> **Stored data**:

┏━━

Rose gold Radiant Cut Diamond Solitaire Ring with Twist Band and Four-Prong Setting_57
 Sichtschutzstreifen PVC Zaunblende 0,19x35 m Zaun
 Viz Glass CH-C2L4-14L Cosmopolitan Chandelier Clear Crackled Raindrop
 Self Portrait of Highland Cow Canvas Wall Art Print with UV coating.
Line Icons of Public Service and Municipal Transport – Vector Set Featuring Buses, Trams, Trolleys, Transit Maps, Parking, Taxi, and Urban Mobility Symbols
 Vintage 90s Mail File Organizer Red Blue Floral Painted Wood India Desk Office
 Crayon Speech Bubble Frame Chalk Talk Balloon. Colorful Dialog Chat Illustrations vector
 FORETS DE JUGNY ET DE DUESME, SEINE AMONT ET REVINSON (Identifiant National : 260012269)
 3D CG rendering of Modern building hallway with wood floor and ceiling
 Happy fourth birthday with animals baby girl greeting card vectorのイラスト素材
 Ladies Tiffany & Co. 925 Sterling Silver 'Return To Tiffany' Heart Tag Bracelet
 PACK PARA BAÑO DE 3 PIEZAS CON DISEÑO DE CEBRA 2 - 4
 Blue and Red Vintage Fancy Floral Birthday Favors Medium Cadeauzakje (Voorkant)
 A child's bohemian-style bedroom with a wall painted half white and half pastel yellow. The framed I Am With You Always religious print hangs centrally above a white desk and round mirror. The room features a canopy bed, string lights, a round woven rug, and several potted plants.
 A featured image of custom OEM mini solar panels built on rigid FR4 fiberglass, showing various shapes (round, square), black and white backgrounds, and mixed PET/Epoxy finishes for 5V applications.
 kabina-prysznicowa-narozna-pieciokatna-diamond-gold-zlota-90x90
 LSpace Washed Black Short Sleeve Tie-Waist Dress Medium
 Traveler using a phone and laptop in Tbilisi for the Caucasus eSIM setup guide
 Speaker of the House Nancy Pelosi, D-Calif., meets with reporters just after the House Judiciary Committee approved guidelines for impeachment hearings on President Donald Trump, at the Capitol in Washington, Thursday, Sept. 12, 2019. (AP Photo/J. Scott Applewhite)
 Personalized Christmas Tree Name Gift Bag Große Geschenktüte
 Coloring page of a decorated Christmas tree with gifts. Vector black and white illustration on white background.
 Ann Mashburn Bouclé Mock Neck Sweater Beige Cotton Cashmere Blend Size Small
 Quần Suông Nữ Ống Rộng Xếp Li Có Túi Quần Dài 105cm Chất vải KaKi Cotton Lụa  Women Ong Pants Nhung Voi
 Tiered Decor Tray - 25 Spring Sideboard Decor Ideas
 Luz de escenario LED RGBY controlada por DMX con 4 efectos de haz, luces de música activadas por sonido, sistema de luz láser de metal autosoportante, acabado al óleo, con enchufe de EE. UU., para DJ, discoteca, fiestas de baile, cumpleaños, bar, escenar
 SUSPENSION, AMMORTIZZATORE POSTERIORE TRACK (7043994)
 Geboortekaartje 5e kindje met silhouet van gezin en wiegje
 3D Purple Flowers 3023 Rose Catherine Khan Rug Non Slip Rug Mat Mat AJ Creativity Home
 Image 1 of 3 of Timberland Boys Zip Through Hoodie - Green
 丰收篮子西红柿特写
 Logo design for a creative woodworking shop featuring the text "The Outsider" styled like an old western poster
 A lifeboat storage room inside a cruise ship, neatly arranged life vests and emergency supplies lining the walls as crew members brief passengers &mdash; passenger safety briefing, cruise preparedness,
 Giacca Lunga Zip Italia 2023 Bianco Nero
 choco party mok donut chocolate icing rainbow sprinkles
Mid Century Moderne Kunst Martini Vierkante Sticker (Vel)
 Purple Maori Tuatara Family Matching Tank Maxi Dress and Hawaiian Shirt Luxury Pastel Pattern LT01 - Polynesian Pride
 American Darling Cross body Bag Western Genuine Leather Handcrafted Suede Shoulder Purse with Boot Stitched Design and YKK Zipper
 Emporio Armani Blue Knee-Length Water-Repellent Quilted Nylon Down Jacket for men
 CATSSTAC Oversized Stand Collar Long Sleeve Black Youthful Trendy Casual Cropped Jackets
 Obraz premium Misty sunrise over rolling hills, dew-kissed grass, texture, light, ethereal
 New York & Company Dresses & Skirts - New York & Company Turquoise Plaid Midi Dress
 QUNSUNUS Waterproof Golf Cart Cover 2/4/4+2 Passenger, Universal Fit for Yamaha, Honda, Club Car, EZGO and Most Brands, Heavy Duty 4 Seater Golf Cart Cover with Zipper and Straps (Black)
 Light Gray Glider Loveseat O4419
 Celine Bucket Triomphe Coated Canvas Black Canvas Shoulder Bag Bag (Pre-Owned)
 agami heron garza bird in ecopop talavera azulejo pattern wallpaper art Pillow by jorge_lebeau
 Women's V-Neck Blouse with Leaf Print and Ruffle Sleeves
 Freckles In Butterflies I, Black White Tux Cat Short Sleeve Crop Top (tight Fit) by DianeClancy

┗━━

> **THE TASK**:
From the first line to the last, give the data again exactly.

> **COMPLETED EXERCISE**:
Rose gold Radiant Cut Diamond Solitaire Ring with Twist Band and Four-Prong Setting_57
 Sichtschutzstreifen PVC Zaunblende 0,19x35 m Zaun
 Viz Glass CH-C2L4-14L Cosmopolitan Chandelier Clear Crackled Raindrop
 Self Portrait of Highland Cow Canvas Wall Art Print with UV coating.
Line Icons of Public Service and Municipal Transport – Vector Set Featuring Buses, Trams, Trolleys, Transit Maps, Parking, Taxi, and Urban Mobility Symbols
 Vintage 90s Mail File Organizer Red Blue Floral Painted Wood India Desk Office
 Crayon Speech Bubble Frame Chalk Talk Balloon. Colorful Dialog Chat Illustrations vector
 FORETS DE JUGNY ET DE DUESME, SEINE AMONT ET REVINSON (Identifiant National : 260012269)
 3D CG rendering of Modern building hallway with wood floor and ceiling
 Happy fourth birthday with animals baby girl greeting card vectorのイラスト素材
 Ladies Tiffany & Co. 925 Sterling Silver 'Return To Tiffany' Heart Tag Bracelet
 PACK PARA BAÑO DE 3 PIEZAS CON DISEÑO DE CEBRA 2 - 4
 Blue and Red Vintage Fancy Floral Birthday Favors Medium Cadeauzakje (Voorkant)
 A child's bohemian-style bedroom with a wall painted half white and half pastel yellow. The framed I Am With You Always religious print hangs centrally above a white desk and round mirror. The room features a canopy bed, string lights, a round woven rug, and several potted plants.
 A featured image of custom OEM mini solar panels built on rigid FR4 fiberglass, showing various shapes (round, square), black and white backgrounds, and mixed PET/Epoxy finishes for 5V applications.
 kabina-prysznicowa-narozna-pieciokatna-diamond-gold-zlota-90x90
 LSpace Washed Black Short Sleeve Tie-Waist Dress Medium
 Traveler using a phone and laptop in Tbilisi for the Caucasus eSIM setup guide
 Speaker of the House Nancy Pelosi, D-Calif., meets with reporters just after the House Judiciary Committee approved guidelines for impeachment hearings on President Donald Trump, at the Capitol in Washington, Thursday, Sept. 12, 2019. (AP Photo/J. Scott Applewhite)
 Personalized Christmas Tree Name Gift Bag Große Geschenktüte
 Coloring page of a decorated Christmas tree with gifts. Vector black and white illustration on white background.
 Ann Mashburn Bouclé Mock Neck Sweater Beige Cotton Cashmere Blend Size Small
 Quần Suông Nữ Ống Rộng Xếp Li Có Túi Quần Dài 105cm Chất vải KaKi Cotton Lụa  Women Ong Pants Nhung Voi
 Tiered Decor Tray - 25 Spring Sideboard Decor Ideas
 Luz de escenario LED RGBY controlada por DMX con 4 efectos de haz, luces de música activadas por sonido, sistema de luz láser de metal autosoportante, acabado al óleo, con enchufe de EE. UU., para DJ, discoteca, fiestas de baile, cumpleaños, bar, escenar
 SUSPENSION, AMMORTIZZATORE POSTERIORE TRACK (7043994)
 Geboortekaartje 5e kindje met silhouet van gezin en wiegje
 3D Purple Flowers 3023 Rose Catherine Khan Rug Non Slip Rug Mat Mat AJ Creativity Home
 Image 1 of 3 of Timberland Boys Zip Through Hoodie - Green
 丰收篮子西红柿特写
 Logo design for a creative woodworking shop featuring the text "The Outsider" styled like an old western poster
 A lifeboat storage room inside a cruise ship, neatly arranged life vests and emergency supplies lining the walls as crew members brief passengers &mdash; passenger safety briefing, cruise preparedness,
 Giacca Lunga Zip Italia 2023 Bianco Nero
 choco party mok donut chocolate icing rainbow sprinkles
Mid Century Moderne Kunst Martini Vierkante Sticker (Vel)
 Purple Maori Tuatara Family Matching Tank Maxi Dress and Hawaiian Shirt Luxury Pastel Pattern LT01 - Polynesian Pride
 American Darling Cross body Bag Western Genuine Leather Handcrafted Suede Shoulder Purse with Boot Stitched Design and YKK Zipper
 Emporio Armani Blue Knee-Length Water-Repellent Quilted Nylon Down Jacket for men
 CATSSTAC Oversized Stand Collar Long Sleeve Black Youthful Trendy Casual Cropped Jackets
 Obraz premium Misty sunrise over rolling hills, dew-kissed grass, texture, light, ethereal
 New York & Company Dresses & Skirts - New York & Company Turquoise Plaid Midi Dress
 QUNSUNUS Waterproof Golf Cart Cover 2/4/4+2 Passenger, Universal Fit for Yamaha, Honda, Club Car, EZGO and Most Brands, Heavy Duty 4 Seater Golf Cart Cover with Zipper and Straps (Black)
 Light Gray Glider Loveseat O4419
 Celine Bucket Triomphe Coated Canvas Black Canvas Shoulder Bag Bag (Pre-Owned)
 agami heron garza bird in ecopop talavera azulejo pattern wallpaper art Pillow by jorge_lebeau
 Women's V-Neck Blouse with Leaf Print and Ruffle Sleeves
 Freckles In Butterflies I, Black White Tux Cat Short Sleeve Crop Top (tight Fit) by DianeClancy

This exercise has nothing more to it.